ДЖУЛЬЕТТА: Идите ко мне в беседку, пульпульчик.
РОМЕО: Не могу, жезненочек. Тут на дощечке профессор Краснов обещает ходящих по клумбам отправлять в участок.
ДЖУЛЬЕТТА: Ничего, сторожа папаша послал в аптеку за шпанской мушкой. Никто не увидит.
РОМЕО: А как маменька увидит и вздумает благословлять?
ДЖУЛЬЕТТА: Что вы? Ведь это только летом дачных женихов накрывают, а теперь зима, да к тому же и город.
РОМЕО: Не скажите, случается и зимою. Летом берегся, а зимой как бы не влететь.
ТЕНЬ ШЕКСПИРА
(показываясь из-за клумбы):Ужасно, о, ужасно, о, ужасно!Нет повести печальнее на свете,
Чем повесть о Ромео и Джульетте!
Такие вот «цветы невинного юмора» (разумеется, с четким адресом — современным Яблоновскому театром с его опошлением классики).
Сам же Яблоновский классику понимал и ценил: вот уж к кому никак не относятся слова Бальмонта: «Основное свойство критики — ошибаться. Основная особенность порицателей — говоря о гениях, являть собственное ничтожество и незнание». Вот, например, его тончайшее рассуждение о месте Некрасова в русской словесности:
«Некрасов ввел в стихи всю жизнь. Некрасов стал создавать стих изо всех слов русского языка. В этом у него не было предшественников, и в этом потерпели жалкую катастрофическую неудачу все его последователи. Совершенно необходимо составить некрасовский словарь, и мы с изумлением откроем, сколько слов внес впервые Некрасов в русский стих.

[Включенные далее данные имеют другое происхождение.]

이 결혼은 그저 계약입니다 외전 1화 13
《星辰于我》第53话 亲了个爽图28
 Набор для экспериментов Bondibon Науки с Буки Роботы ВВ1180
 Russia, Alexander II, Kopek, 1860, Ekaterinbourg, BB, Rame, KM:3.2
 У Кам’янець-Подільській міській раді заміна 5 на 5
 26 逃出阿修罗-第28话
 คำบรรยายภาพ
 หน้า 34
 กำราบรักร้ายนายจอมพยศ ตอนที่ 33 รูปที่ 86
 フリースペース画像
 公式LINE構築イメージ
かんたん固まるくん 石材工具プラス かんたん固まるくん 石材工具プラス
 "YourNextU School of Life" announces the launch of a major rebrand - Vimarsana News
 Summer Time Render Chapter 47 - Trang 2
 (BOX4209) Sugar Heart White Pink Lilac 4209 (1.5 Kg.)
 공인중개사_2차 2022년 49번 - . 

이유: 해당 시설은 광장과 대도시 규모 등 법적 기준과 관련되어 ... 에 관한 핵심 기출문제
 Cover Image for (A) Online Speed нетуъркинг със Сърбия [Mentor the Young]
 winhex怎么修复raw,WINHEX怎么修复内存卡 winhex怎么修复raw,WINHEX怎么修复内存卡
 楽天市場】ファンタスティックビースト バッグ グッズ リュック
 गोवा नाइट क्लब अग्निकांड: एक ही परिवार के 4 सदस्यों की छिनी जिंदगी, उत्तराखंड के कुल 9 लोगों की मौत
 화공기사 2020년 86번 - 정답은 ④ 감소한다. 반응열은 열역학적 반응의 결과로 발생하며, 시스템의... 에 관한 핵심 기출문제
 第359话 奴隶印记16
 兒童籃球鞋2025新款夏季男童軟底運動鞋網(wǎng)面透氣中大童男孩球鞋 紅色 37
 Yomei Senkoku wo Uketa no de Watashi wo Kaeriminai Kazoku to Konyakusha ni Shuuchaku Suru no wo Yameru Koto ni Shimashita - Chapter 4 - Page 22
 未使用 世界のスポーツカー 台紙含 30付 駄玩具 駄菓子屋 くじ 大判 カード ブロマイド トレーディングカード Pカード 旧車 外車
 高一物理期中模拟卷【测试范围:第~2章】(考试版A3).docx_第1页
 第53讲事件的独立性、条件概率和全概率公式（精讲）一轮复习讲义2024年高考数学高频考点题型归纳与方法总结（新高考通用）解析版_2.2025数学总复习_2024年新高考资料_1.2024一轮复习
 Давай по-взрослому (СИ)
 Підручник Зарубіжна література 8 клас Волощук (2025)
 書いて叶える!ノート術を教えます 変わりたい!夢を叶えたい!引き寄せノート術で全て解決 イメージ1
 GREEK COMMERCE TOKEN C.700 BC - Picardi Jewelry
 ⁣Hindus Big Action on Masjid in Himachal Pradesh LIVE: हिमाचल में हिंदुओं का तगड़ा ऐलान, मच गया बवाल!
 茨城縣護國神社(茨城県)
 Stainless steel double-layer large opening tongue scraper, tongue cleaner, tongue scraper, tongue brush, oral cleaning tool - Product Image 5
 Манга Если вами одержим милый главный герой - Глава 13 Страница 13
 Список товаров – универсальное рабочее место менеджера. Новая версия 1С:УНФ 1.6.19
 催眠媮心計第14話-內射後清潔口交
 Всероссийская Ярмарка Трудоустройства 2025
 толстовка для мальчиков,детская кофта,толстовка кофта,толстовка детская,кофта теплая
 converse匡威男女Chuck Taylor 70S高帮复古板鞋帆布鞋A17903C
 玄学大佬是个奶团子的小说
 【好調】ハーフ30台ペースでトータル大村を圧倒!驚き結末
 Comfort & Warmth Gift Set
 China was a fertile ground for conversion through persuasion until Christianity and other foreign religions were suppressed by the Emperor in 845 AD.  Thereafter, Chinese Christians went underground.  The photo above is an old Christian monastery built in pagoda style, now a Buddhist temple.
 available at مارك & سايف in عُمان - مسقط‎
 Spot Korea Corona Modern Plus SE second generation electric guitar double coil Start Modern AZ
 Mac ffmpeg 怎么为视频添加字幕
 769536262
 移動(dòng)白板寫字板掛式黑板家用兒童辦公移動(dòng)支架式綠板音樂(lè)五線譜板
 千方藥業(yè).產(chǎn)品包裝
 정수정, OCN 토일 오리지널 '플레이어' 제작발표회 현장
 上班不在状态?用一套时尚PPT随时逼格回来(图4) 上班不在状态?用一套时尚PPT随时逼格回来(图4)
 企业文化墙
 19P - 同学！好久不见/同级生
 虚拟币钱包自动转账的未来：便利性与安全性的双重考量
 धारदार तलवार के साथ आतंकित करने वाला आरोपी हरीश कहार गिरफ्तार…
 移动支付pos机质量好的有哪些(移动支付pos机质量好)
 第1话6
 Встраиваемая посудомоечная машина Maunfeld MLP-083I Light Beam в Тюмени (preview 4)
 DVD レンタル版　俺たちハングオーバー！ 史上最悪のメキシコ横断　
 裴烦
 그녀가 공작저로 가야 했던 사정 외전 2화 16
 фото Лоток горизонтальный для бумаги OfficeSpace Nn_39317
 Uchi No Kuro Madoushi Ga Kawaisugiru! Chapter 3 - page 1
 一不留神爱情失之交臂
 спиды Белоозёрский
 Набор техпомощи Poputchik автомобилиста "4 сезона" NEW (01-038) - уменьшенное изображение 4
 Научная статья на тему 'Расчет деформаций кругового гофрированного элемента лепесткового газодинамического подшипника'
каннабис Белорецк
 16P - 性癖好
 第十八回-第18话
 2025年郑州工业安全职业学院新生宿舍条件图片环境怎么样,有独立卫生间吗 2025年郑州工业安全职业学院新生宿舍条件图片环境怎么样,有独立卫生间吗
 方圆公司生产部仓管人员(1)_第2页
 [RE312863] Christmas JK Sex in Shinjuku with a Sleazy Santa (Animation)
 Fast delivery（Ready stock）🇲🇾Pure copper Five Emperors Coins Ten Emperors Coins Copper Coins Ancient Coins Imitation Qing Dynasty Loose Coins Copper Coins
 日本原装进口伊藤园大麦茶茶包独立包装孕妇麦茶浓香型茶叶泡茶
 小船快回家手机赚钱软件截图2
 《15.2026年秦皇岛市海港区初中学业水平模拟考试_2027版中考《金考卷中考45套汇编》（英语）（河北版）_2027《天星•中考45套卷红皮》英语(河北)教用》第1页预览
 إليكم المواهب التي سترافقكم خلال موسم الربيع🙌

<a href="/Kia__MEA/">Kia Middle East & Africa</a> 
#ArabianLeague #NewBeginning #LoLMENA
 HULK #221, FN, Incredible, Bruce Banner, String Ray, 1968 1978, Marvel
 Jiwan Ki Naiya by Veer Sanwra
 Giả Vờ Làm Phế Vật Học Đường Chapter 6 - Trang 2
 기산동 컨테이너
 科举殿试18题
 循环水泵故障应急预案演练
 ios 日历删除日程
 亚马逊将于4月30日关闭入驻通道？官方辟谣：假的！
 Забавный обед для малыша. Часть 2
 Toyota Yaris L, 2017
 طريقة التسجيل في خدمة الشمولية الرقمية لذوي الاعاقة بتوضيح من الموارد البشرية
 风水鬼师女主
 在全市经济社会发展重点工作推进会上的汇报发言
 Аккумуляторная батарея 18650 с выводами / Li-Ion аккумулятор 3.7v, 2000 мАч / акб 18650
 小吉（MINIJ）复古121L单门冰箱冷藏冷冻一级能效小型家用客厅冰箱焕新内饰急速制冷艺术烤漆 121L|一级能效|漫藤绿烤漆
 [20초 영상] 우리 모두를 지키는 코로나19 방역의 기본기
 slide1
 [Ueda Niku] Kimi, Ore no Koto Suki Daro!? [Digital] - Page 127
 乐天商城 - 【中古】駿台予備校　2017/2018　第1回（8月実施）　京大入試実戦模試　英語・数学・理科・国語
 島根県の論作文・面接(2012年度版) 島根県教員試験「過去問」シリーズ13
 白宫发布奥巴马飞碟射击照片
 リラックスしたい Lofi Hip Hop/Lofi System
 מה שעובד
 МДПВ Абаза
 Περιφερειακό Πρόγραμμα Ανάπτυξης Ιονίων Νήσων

Некрасов не оставил школы. У него нет последователей. Чтобы добывать золото из тех элементов, из которых добывал его Некрасов, необходима совершенно исключительная температура души. Как есть открытый Гей-Люсаком абсолютный нуль, при котором все исчезает, так есть абсолютный плюс, при котором все превращается в золото, в огонь.
А был Некрасов эстетом, тонким эстетом, и поэзию он чувствовал удивительно. К Пушкину у него благоговение, Пушкин для него Бог, и когда он говорил о Пушкине — это одно умиление. Тютчева, который и сейчас открыт единицам, Некрасов открыл первый. В его собственных стихах... Прежде всего, у него действительно свой собственный стих, эти трехэтажные стопы почти всегда с дактилической рифмой, чего нет ни у одного из русских поэтов. Он так своеобразен, так необычаен, что может обмануть даже такого эстета, как Тургенев.
Но в этой якобы неуклюжести неисчерпаемое богатство звуков, напевов, цветов, тонов, линий, запахов, форм — Россия! Вы, молодые, не знаете, как долго был неприемлем „Зеленый шум”, да ведь это же настоящий импрессионизм, декаданс!